Review: The Riddle of the Sands, Erskine Childers

FiveBooks! What? How could you let me down like this? The Riddle of the Sands was supposed to be one of the five best books in all the land on the Secret Service. Uncool! I just thought it was going to be so excited, nonstop intrigue and deception, culminating in some sort of thrilling climax where all the previously-introduced thrilling spy elements would come together in for an astounding finish. Like the sort of thing H. Rider Haggard would do, if H. Rider Haggard wrote spy novels. Why was it not like that?

The premise promised good things: Our protagonist, Carruthers, receives a letter from an old school acquaintance, Davies, asking Carruthers to join him on a yachting expedition. Carruthers is bored in London, as it’s the off-season and everyone is out of town, so he goes out to meet Davies. But instead of a quiet yachting expedition, he finds himself enmeshed (I am making this sound so much awesomer than it is) in a wicked plot with Germans and a British titled gentry person and a girl. None of this is spoilers. Childers says all of this in the little preface where he’s pretending like the whole story is true. I got so excited when I was reading the preface. I was practically shaking, that’s how excited I was to read this stupid book.

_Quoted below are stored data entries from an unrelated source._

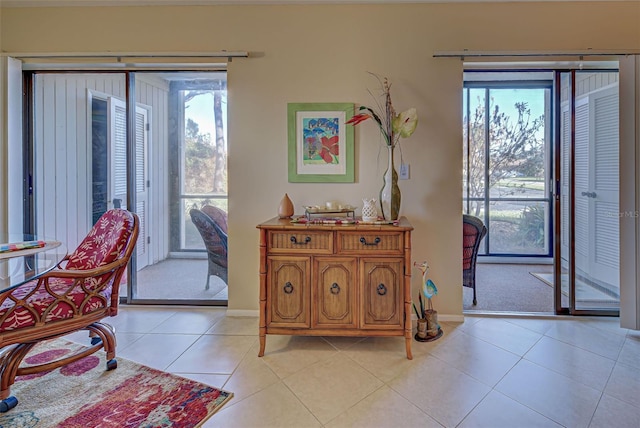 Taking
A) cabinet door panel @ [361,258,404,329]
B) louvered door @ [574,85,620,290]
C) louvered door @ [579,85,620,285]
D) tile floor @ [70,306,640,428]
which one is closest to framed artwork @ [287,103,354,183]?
cabinet door panel @ [361,258,404,329]

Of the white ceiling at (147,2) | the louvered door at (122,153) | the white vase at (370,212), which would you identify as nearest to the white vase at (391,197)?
the white vase at (370,212)

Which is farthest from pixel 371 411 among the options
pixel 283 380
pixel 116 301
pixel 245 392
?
pixel 116 301

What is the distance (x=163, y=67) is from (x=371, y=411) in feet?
9.91

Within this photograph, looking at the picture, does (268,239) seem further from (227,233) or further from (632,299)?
(632,299)

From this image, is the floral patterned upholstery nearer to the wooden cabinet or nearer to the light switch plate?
the wooden cabinet

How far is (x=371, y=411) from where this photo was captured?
1.56 m

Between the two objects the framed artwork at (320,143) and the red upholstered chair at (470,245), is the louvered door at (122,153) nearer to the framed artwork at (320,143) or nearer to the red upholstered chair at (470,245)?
the framed artwork at (320,143)

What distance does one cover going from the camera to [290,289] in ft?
6.88

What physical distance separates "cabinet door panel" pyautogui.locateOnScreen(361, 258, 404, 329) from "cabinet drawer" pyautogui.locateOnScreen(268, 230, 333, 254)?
28 centimetres

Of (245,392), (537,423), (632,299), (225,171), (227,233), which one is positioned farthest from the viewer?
(225,171)

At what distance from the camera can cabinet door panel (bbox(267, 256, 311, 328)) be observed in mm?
2092

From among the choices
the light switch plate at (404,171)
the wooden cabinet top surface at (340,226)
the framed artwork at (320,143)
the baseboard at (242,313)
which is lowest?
the baseboard at (242,313)

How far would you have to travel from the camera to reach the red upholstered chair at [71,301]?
1.56m

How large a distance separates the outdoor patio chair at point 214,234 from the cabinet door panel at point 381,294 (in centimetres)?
147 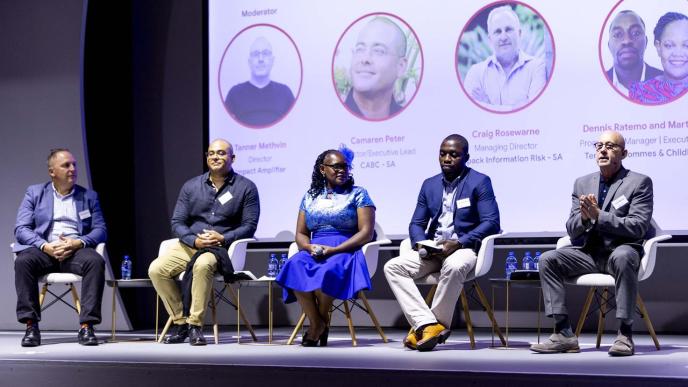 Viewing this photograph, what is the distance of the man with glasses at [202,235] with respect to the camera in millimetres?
5543

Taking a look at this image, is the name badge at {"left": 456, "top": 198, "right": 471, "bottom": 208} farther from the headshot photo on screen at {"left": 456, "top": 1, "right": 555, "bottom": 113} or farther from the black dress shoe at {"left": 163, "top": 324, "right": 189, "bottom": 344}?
the black dress shoe at {"left": 163, "top": 324, "right": 189, "bottom": 344}

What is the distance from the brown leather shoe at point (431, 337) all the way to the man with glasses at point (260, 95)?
2.42 metres

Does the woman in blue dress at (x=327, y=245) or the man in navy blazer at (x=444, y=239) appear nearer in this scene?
the man in navy blazer at (x=444, y=239)

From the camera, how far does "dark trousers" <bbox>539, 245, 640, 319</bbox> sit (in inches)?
186

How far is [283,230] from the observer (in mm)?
6797

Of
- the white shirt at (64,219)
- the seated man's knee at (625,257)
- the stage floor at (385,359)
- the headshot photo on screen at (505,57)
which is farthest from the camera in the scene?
the headshot photo on screen at (505,57)

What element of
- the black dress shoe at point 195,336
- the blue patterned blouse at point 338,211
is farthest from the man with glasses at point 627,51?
the black dress shoe at point 195,336

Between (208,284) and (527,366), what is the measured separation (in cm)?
220

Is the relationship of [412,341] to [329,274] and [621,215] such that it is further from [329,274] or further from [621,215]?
[621,215]

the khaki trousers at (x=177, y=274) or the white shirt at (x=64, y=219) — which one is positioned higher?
the white shirt at (x=64, y=219)

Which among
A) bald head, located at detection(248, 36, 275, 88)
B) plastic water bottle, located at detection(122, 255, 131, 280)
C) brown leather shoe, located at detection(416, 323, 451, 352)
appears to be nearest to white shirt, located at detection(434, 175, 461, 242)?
brown leather shoe, located at detection(416, 323, 451, 352)

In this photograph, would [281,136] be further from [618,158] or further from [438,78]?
[618,158]

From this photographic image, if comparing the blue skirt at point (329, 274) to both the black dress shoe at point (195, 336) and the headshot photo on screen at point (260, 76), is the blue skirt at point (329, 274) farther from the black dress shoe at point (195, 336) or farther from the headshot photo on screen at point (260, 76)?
the headshot photo on screen at point (260, 76)

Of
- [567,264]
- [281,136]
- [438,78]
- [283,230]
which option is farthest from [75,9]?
[567,264] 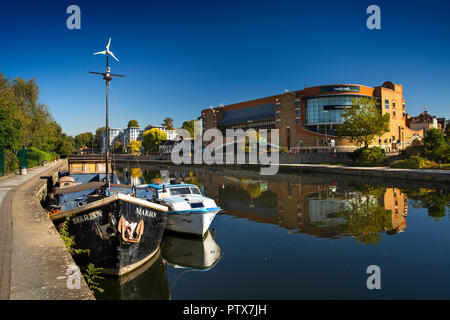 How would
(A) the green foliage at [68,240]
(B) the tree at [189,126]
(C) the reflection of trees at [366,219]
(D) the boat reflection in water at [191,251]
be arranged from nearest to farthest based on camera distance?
(A) the green foliage at [68,240], (D) the boat reflection in water at [191,251], (C) the reflection of trees at [366,219], (B) the tree at [189,126]

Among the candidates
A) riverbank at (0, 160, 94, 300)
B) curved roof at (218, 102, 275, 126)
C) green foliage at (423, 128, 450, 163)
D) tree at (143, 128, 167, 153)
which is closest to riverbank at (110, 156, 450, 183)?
green foliage at (423, 128, 450, 163)

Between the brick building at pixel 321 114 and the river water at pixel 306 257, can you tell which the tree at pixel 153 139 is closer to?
the brick building at pixel 321 114

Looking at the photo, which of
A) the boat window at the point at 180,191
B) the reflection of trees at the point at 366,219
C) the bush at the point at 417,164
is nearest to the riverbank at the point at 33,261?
the boat window at the point at 180,191

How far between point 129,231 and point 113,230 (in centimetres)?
49

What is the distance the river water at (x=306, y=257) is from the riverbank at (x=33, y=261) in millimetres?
2037

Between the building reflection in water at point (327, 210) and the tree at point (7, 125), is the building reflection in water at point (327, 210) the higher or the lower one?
the lower one

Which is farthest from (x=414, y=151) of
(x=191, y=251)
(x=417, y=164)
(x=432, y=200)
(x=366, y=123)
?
(x=191, y=251)

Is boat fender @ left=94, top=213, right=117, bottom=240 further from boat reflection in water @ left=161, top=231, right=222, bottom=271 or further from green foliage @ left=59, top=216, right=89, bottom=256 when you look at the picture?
boat reflection in water @ left=161, top=231, right=222, bottom=271

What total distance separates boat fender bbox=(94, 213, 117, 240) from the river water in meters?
1.49

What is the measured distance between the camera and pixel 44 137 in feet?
169

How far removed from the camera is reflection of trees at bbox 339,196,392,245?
1284 cm

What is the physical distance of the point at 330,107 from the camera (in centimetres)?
7319

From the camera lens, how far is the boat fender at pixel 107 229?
8.79m

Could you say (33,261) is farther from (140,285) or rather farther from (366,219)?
(366,219) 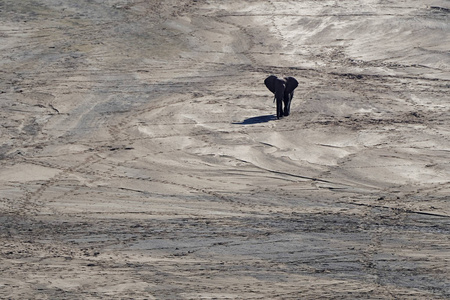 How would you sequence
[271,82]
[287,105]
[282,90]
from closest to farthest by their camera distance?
[282,90]
[271,82]
[287,105]

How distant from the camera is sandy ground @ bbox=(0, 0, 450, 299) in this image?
1461 cm

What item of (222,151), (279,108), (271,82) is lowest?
(222,151)

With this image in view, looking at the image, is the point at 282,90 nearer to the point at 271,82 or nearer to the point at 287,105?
the point at 271,82

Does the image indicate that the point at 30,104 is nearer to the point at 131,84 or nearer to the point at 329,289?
the point at 131,84

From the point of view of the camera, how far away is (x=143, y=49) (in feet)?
93.4

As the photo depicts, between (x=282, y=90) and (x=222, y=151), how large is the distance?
10.0ft

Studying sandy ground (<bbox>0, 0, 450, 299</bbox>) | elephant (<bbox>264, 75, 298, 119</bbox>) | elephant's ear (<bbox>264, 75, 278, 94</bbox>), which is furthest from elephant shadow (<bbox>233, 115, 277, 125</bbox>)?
elephant's ear (<bbox>264, 75, 278, 94</bbox>)

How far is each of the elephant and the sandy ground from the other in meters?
0.46

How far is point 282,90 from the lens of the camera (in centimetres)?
2266

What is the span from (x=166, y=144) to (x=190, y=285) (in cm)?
744

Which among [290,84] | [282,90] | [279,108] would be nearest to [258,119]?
[279,108]

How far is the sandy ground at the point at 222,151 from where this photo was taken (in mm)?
14609

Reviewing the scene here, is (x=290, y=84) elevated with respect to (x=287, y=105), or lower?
elevated

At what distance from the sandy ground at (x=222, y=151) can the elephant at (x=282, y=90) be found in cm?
46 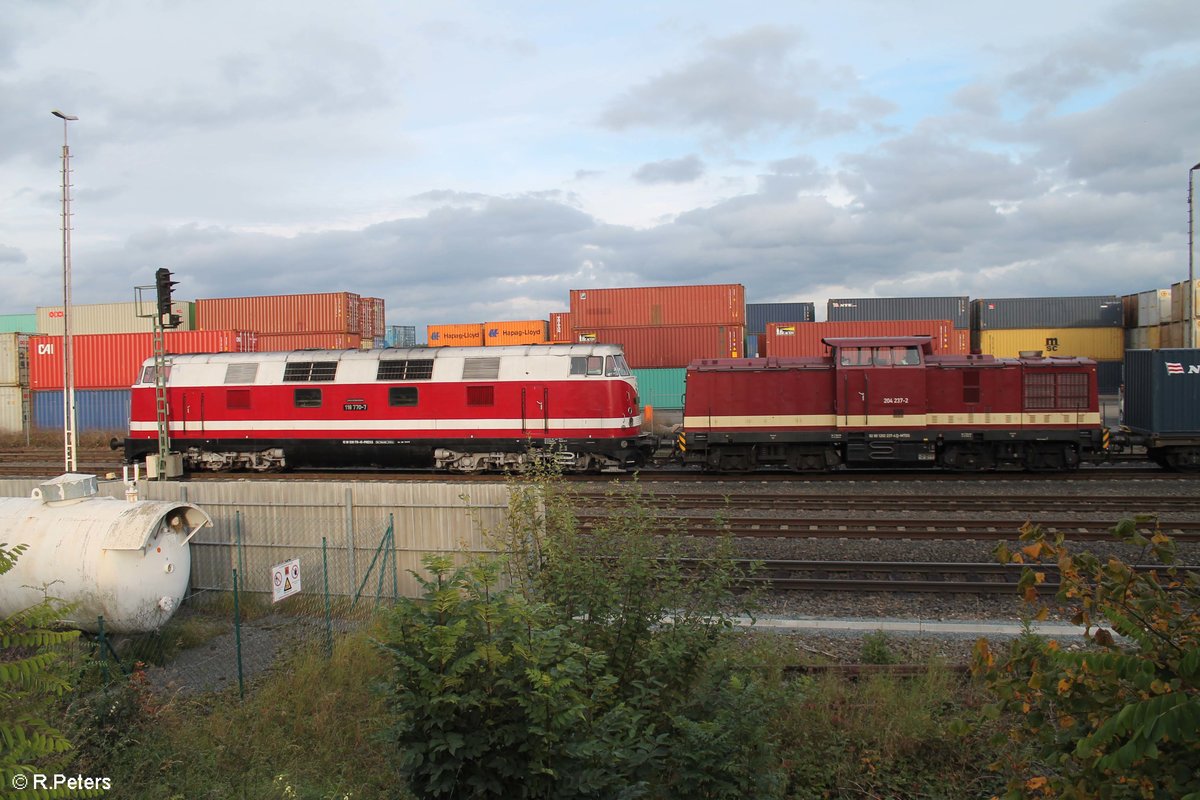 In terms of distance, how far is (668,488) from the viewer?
1988 centimetres

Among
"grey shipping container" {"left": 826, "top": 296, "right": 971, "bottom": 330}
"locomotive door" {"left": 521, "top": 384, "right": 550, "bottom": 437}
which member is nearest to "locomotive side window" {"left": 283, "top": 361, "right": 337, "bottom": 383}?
"locomotive door" {"left": 521, "top": 384, "right": 550, "bottom": 437}

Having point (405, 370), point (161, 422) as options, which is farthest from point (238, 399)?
point (405, 370)

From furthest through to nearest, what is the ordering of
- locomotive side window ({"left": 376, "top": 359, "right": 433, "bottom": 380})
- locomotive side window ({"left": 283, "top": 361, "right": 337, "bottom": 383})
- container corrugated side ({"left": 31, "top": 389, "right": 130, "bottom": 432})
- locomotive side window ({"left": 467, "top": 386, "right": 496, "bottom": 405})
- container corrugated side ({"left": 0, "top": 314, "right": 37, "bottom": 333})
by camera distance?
Result: container corrugated side ({"left": 0, "top": 314, "right": 37, "bottom": 333}) → container corrugated side ({"left": 31, "top": 389, "right": 130, "bottom": 432}) → locomotive side window ({"left": 283, "top": 361, "right": 337, "bottom": 383}) → locomotive side window ({"left": 376, "top": 359, "right": 433, "bottom": 380}) → locomotive side window ({"left": 467, "top": 386, "right": 496, "bottom": 405})

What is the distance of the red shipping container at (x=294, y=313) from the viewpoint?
38750mm

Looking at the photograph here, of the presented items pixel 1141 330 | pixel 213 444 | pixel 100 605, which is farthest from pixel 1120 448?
pixel 1141 330

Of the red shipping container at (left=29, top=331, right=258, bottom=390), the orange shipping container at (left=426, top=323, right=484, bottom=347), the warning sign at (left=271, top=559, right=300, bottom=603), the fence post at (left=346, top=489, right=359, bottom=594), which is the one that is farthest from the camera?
the orange shipping container at (left=426, top=323, right=484, bottom=347)

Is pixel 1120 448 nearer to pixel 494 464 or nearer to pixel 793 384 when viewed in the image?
pixel 793 384

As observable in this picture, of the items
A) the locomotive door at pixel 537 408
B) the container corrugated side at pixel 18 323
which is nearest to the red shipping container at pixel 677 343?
the locomotive door at pixel 537 408

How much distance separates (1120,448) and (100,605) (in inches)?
964

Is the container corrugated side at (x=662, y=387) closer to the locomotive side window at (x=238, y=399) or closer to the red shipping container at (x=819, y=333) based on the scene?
the red shipping container at (x=819, y=333)

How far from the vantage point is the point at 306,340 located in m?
39.1

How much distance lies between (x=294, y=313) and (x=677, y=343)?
19.5 m

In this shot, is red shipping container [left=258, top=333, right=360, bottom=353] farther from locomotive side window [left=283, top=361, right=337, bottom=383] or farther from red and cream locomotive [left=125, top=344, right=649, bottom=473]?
locomotive side window [left=283, top=361, right=337, bottom=383]

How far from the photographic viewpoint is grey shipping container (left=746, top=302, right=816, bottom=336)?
57.6 m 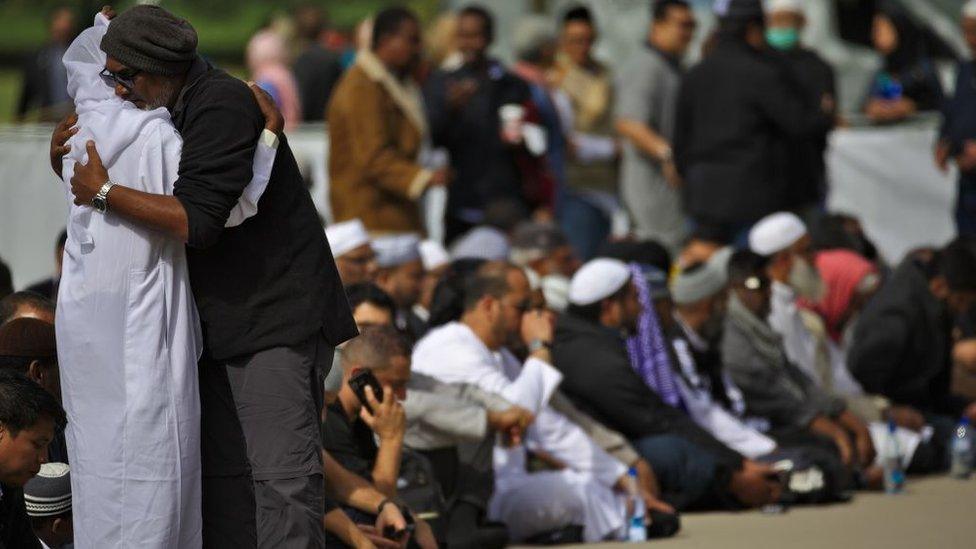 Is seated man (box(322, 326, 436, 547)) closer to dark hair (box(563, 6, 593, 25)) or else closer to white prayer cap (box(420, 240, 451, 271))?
white prayer cap (box(420, 240, 451, 271))

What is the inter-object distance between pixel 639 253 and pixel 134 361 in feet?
18.1

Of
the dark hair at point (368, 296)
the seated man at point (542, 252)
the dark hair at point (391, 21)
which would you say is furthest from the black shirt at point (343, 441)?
the dark hair at point (391, 21)

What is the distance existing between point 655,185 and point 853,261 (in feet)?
4.32

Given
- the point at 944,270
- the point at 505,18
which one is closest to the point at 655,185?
the point at 944,270

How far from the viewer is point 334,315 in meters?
5.36

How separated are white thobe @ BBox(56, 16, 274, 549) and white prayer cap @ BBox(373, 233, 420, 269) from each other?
173 inches

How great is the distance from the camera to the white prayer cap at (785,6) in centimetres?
1236

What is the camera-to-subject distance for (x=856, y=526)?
28.8ft

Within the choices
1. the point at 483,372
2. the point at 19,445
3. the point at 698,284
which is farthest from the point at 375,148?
the point at 19,445

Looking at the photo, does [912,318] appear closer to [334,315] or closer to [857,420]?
[857,420]

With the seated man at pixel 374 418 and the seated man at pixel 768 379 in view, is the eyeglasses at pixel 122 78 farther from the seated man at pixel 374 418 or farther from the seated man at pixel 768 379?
the seated man at pixel 768 379

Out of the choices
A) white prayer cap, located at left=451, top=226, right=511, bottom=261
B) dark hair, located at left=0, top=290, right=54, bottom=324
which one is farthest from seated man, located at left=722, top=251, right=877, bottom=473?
dark hair, located at left=0, top=290, right=54, bottom=324

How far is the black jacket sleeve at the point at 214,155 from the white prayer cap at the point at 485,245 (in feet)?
16.9

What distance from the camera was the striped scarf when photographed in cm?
957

And then oh my God, it was twenty thousand pages of boat stuff, and the guys talking about boats, and boat stuff, and look, I would love to go to sea in a boat. I’m on board (ha, ha, ha) with a boat book. But it just went on and on, boating and boating and boating up and down the European coasts, and no German spies anywhere in sight, for so long. The forbidden love plotline was soooo underdone. Nobody murmured sweet nothings into each other’s ears. Nobody twirled his mustache. Nobody discovered the truth at a crucial moment and then got discovered by the bad guys before he could get back to the boat and report things to his cohorts. Nobody dissolved into a pile of ashes in a scene so shocking that the onlookers perished of fright. Surely at least one of those things should have happened.

Why I read the end: I almost didn’t. That’s how much I didn’t care. I read the end to find out when the awesome stuff was going to start happening. Spoiler alert: No awesome stuff ever happened.

Basically, I needed The Riddle of the Sands to be She with German spies, and it wasn’t. Bah.

Help me, y’all. If I wanted a good spy novel, a classic spy novel that would grab me and I wouldn’t be able to put it down until I read every word, where would I go for that?